Sometimes swinging your weight around makes you fall over:
The complaint was filed by William R. Shell and Terry Reilly, both of whom spoke during public hearings for The Avenue development on Military Cutoff Road. Sent to the North Carolina State Ethics Commission, the complaint alleges, in short, that Lee uses his position as a state senator to implicitly pressure New Hanover County and Wilmington boards when he appears before them in his private role an attorney for developers.
“There is nothing illegal about lawyers who are members of the General Assembly representing private clients,” the complaint reads. “However, the problem here is that Lee is representing those clients before local governmental boards and commissions which are dependent upon the North Carolina General Assembly for things they wish to have done and funding and frankly, for even their existence … the members of the governing boards of counties and cities cannot afford to cross a local senator.”
If you don't think local government officials worry about getting on the "wrong side" of General Assembly members, especially those in the NC Senate, think again. Not only because of grants and earmarks that municipalities are desperate for, but there's always the aura of the stick, as well. And with our weird "local bill" rules that preclude a Gubernatorial Veto, if you piss off the wrong person, all of a sudden your zoning and taxing authority evaporates. This is most definitely a conflict of interest, and I am not (one tiny bit) surprised that Tom Fetzer is right up in the middle of it:
“I’ve had concerns about Michael Lee for a long time and, I do wish we had done this earlier, but one that got me to say, ‘enough is enough,’ was the Head Road article,” Shell said.
Shell referred to a Port City Daily article, included in the complaint, which was published just before Hurricane Florence struck the region. The article details the fight between the neighbors of a Wilmington property owner and the city’s planning commission over a decision that would allow a parcel of land to be subdivided.
The land was initially purchased by Thomas Fetzer, former mayor of Raleigh and chair of the North Carolina Republican party from 2009 to 2011, for $1.35 million. Fetzer wanted to subdivide and resell the land, but neighbors objected — in part because the subdivision deal would create a road through their property.
Fetzer hired Lee, who ultimately convinced the city to create an entirely new zoning designation.
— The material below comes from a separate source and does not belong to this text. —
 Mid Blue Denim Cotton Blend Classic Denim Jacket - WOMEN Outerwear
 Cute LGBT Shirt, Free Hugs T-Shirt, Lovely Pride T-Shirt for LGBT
Once the road appeared clear for subdivision, Fetzer sold the property for an approximate $650,000 profit.
However, neighbors continued to protest and appealed to the city. Lee appeared before the planning commission to defend the rezoning, using the hearing’s quasi-judicial status to dismiss testimony against the move. A lawsuit against the city resulted, and recently settled.
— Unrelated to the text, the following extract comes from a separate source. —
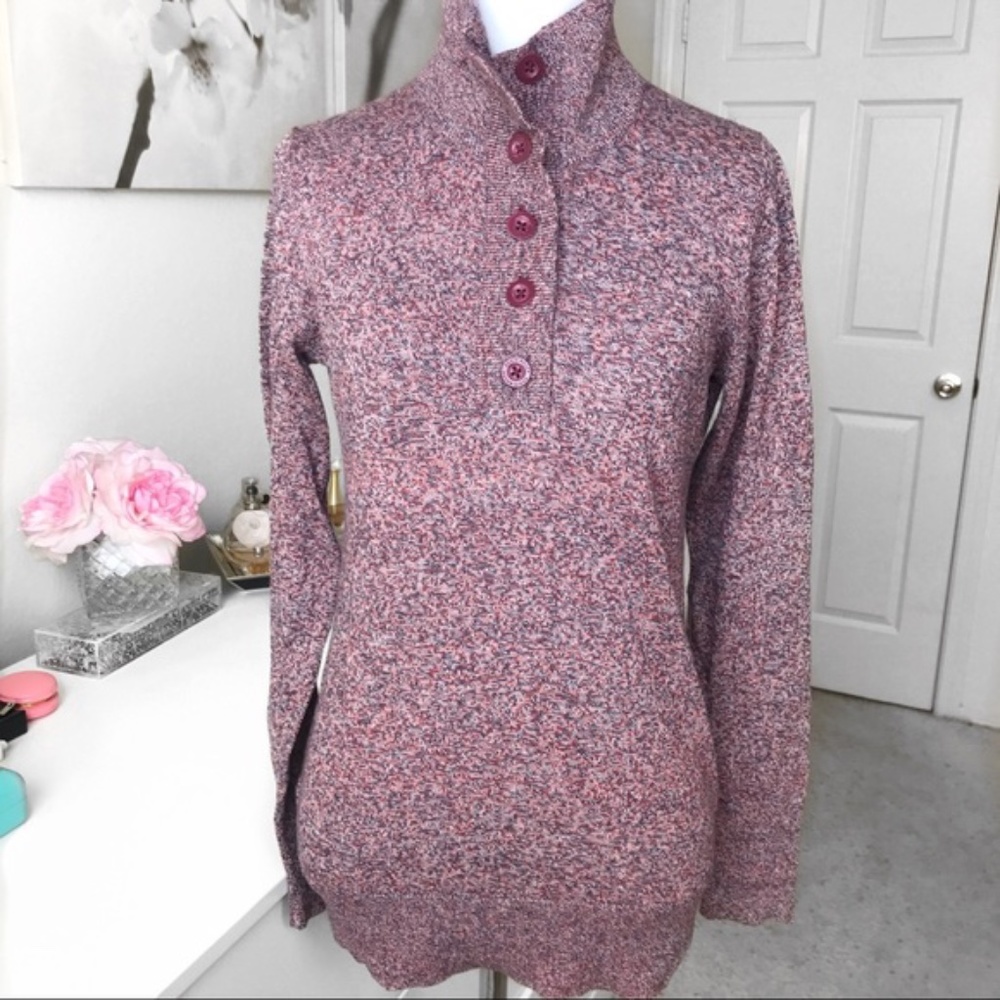 Eddie Bauer Mock Neck Pullover Sweater Women’s XS Purple Marbled Button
Wow. While it is true that quasi-judicial hearings are designed to be evidence-based, that swings both ways. In other words, Lee should not have been able to insert prejudicial information or "argue" against the petitioners, he should only have been allowed to answer specific questions. And he damned sure should not have been allowed to dismiss their concerns because they weren't experts:
When asked what her standing was – that is, how she would be injured by the subdivision – Shakar said she had a dock on the waterway which should give her the “right to speak on what happens.”
Lee responded by stating that it would be “engaging in unauthorized practice of law” for someone to interpret legal documents if they were not a licensed attorney.
When Shakar brought up the issue of land ownership – i.e. that the lot may not be large enough to subdivide because the state owns waterways – the issue of her standing again blocked her objection.
Watkins, an architect who owned a neighboring property, was granted standing based on his proximity to the property. Watkins reiterated Shakar’s point, that the Head Road parcel could likely contain two 2-acre lots, but because part of it was under marsh and water, not three lots.
Lee objected to Watkins’ testimony, not on the ground of standing, but because Waktins was not “competent” to determine acreage since he was not a surveyor or providing a survey; he then extended that to a standing objection against any other appeals. Lee told the Planning Commission that he did not believe they would hear from an attorney, an engineer, or a title expert – essentially stating that nothing said by those who came to appeal could be considered.
No, no, no. That's not how it's supposed to work. If your property is contiguous, or is close enough that you can demonstrate a negative outcome, then you have standing. Your evidence, however, can be called into question on its merit. But not you as an individual.
But regardless of the outcome of this particular case, Michael Lee should not be representing clients in their petitions to local governments. There are way too many conflicts of interest involved, and frankly, the NC Bar needs to take a very close look at this.